[Data provided]

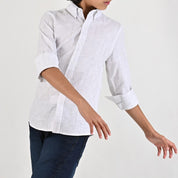 Camisa casual Yale Boys Manga Larga 4669 Blanco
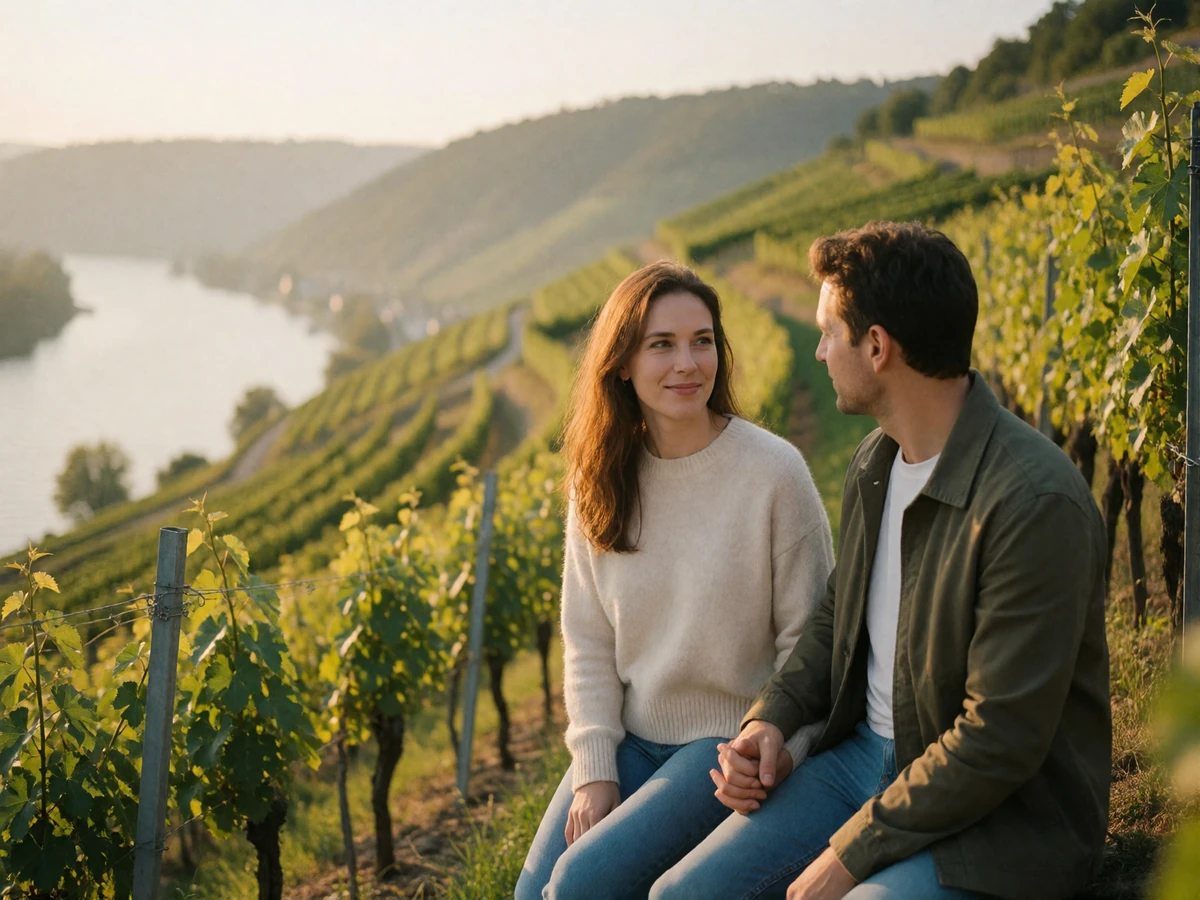 Couple in their late thirties walking hand in hand between rows of a Rhine-valley vineyard in late afternoon light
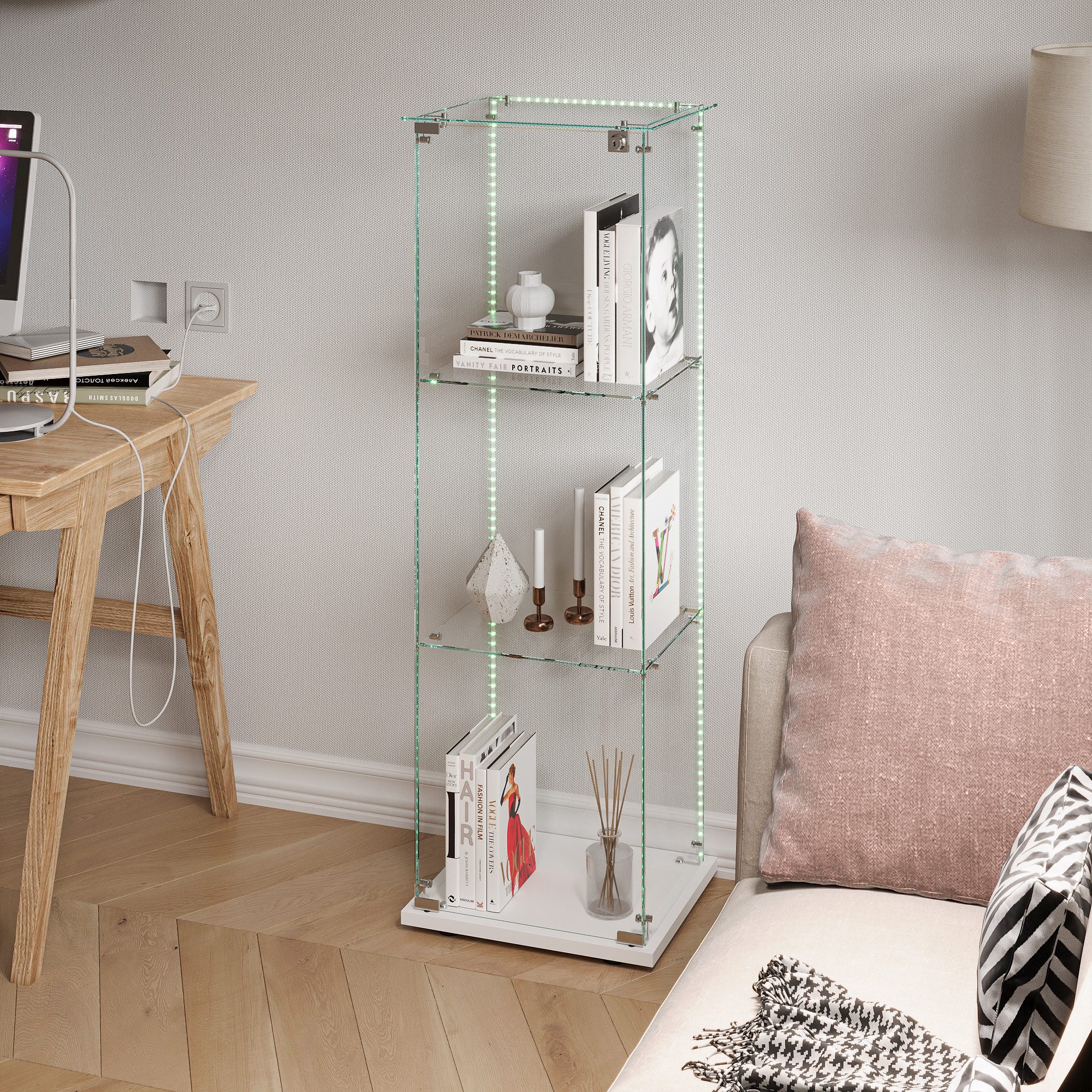 BELUPAI Glasvitrine Standvitrine 3 Lagen Vitrinenschrank (Set, 1-St., Glas Vitrine mit 1 Glastür und Schloss, LED-Lichtleiste) für Sammlerstücke Bücher Figuren Modelle, 40 x 35 x 123 cm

[/Data provided]

Retype the listing above exactly, pictures excluded.

Solution for this exercise:
 Camisa casual Yale Boys Manga Larga 4669 Blanco
 Couple in their late thirties walking hand in hand between rows of a Rhine-valley vineyard in late afternoon light
 BELUPAI Glasvitrine Standvitrine 3 Lagen Vitrinenschrank (Set, 1-St., Glas Vitrine mit 1 Glastür und Schloss, LED-Lichtleiste) für Sammlerstücke Bücher Figuren Modelle, 40 x 35 x 123 cm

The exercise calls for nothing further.